In my opinion as a user of Rust rather than a compiler dev, those details don't really matter. If your program has no UB, then the compiler has a responsibility to correctly compile your code, so you can trust it to only apply optimizations that don't change the semantics of your program. If your program has UB, then reasoning about what the compiler or hardware does is very likely futile. Behind-the-curtain details can give context to Rust's rules, which might help one understand and remember the rules, but I've written plenty of advanced unsafe without needing to think about what happens behind the curtain.
Though, even if your code has no UB, the "fake reads" can still mess with volatile accesses. Volatile memory has to be accessed via raw pointers and should never be put behind a reference, in order to ensure that no spurious accesses occur. I can't think of other UB-free edge cases off the top of my head. ↩︎
That is, accesses which don't "vary" with the loop index, and don't change across iterations. Doing them once, before the start of the loop, may have an equivalent effect. ↩︎
This is perfectly safe code.
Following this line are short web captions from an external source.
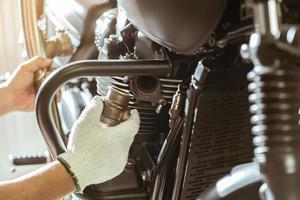 mechaniker installieren motorrad-auspuffanlage in der garage, konzept der wartung und reparatur von motorrad. selektiver Fokus auf Zylinderblock foto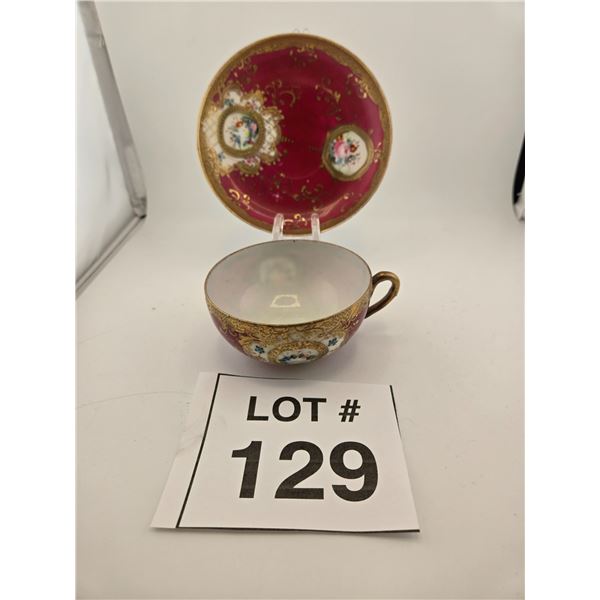 JAPANESE HAND-PAINTED GILT PORCELAIN TEACUP AND SAUCER WITH FLORAL MEDALLIONS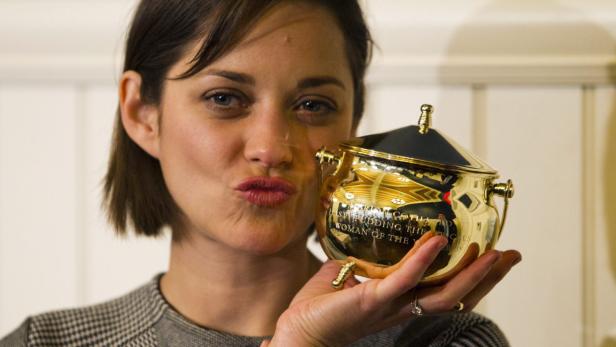Marion Cotillard hält eine goldene Trophäe in der Hand.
However, if the compiler were allowed to arbitrarily insert a 'fake read' using the original mutable reference:
pub fn example(ptr: &mut i32) -> &i32 {
let reborrow = &*ptr;
let _ = fake_read(ptr);
reborrow
}
Then this would become UB, because you cannot access a parent mutable reference while an active child immutable reborrow exists. This 'fake_read' would be something the compiler inserted. If it weren't there, I would not have accessed ptr after creating reborrow.
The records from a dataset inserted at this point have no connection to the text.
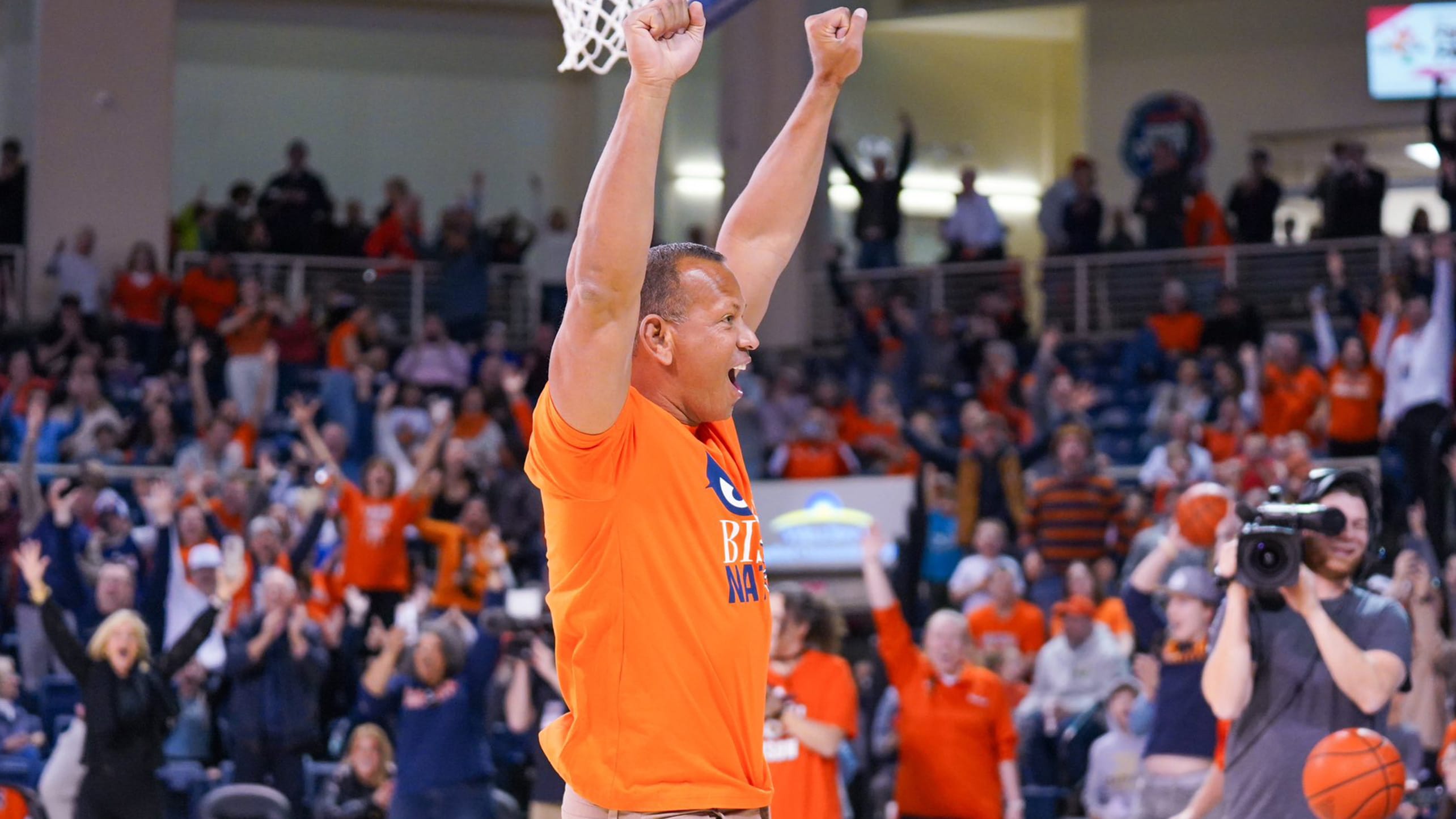 Alex Rodriguez celebrates after making a half-court basketball shot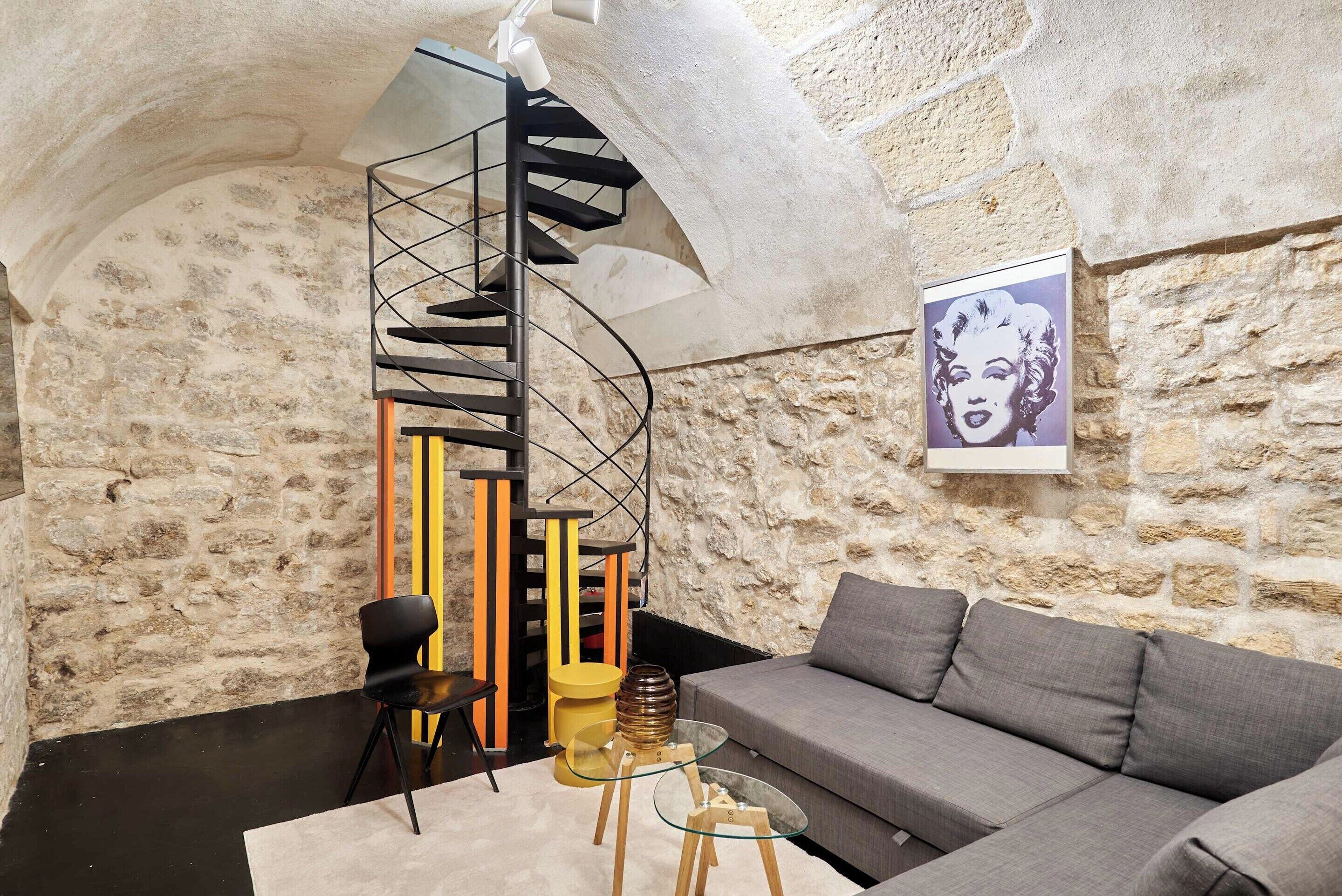 A modern interior with a spiral staircase, a sofa, a glass coffee table, and a stone wall.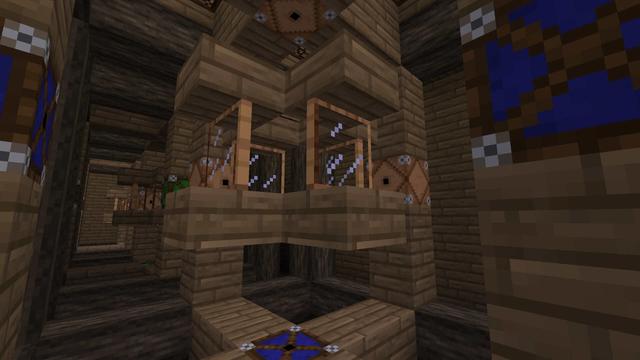 Strange wooden structure featuring blue laser emitters (turned off), glass panes, and laser detectors, all inset in a larger cubic wooden frame.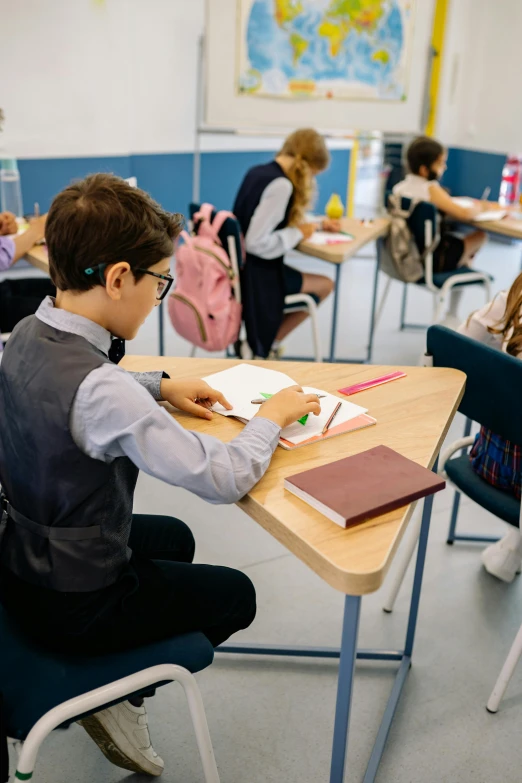 a  is doing homework in a classroom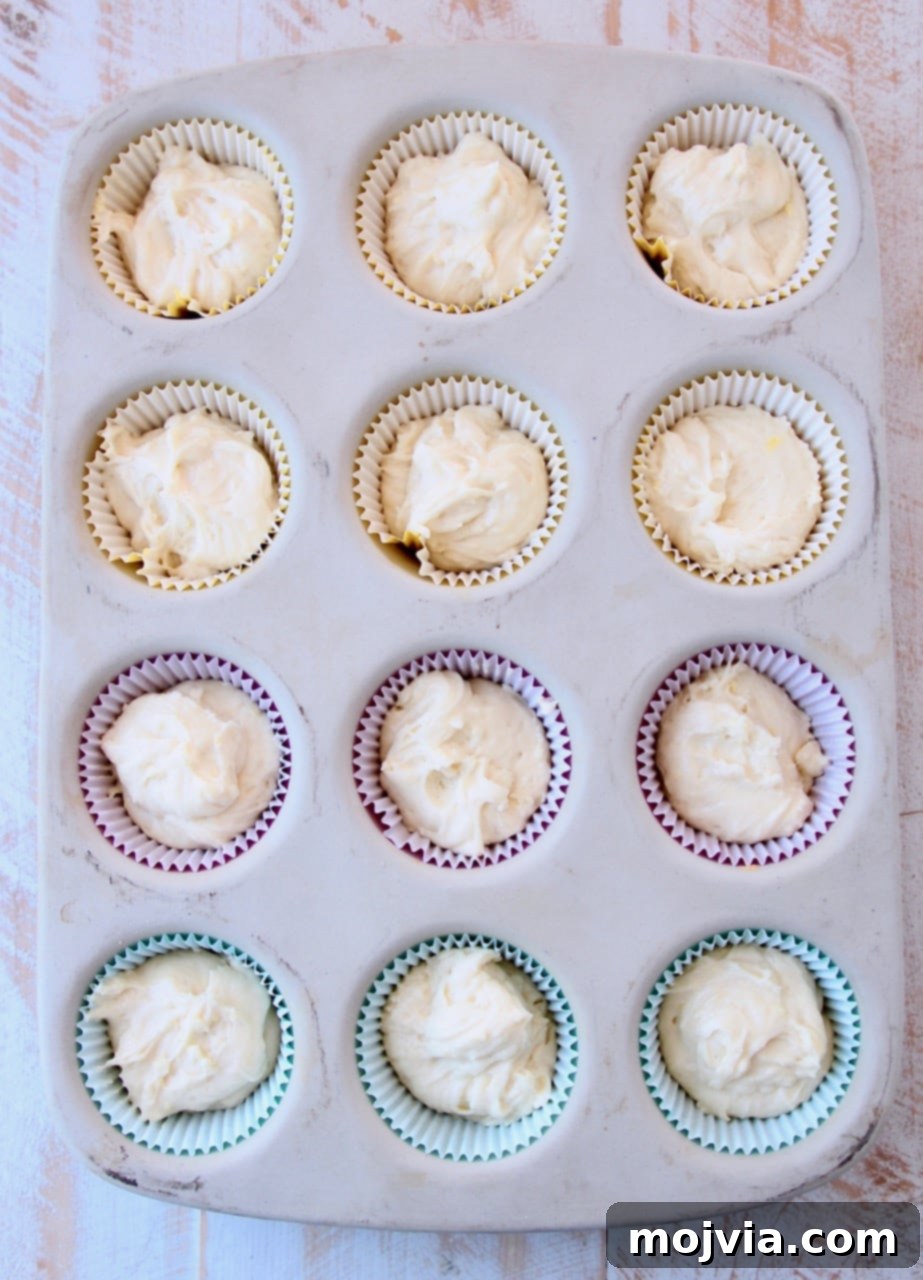 Zesty Lemon Buttercream Cupcakes 4 Cupcake batter in paper liners in stone muffin pan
The key point is that the insertion of 'fake reads' cannot be truly random or arbitrary; the compiler cannot just do whatever it wants.
We need precise rules to predict whether a 'fake_read' will actually occur. If we simply say it 'can happen at any moment,' then even the most basic safe code would be considered potentially UB
Yeah, saying it can happen "at any time it's in use" was going too far. There are a bunch of situations that prevent fake reads from being inserted, and TIL there are even some at the LLVM level. The idea of dereferenceable is that loading from a dereferenceable pointer should never trap. But apparently its interactions with noalias mean that there are times that even LLVM isn't allowed to load from a dereferenceable pointer. (And by "not allowed" I mean that the compiler isn't allowed to introduce UB into a previously UB-free program.)
My impression, though, is then that if the compiler "knows" that it "should" be allowed to insert a fake read to a reference, then it could.
I'm digging around for information about this, and so far I've turned up:
It seems like the fake reads (and/or writes) inserted by Rust's front-end are probably always at the start of functions? Though backend LLVM optimizations like LICM can also end up hoisting reads from pointers marked dereferenceable, which results in something akin to a fake read.
In particular, it seems like Miri models the dereferenceable attribute through a mixture of fake reads (and, for mutable references, fake writes) on entry to functions as well as "strong protectors" that, for the duration of a function call, protect references passed as function arguments from being invalidated.
This is starting to get into implementation details of the compiler, though. I'm fairly sure that Rust's documented aliasing rules are strictly stronger than the rules that are actually implemented in optimizations and checks, so following the aliasing rules should be sufficient to imply that any fake reads which end up being inserted by the compiler as part of its optimizations or checks should be sound.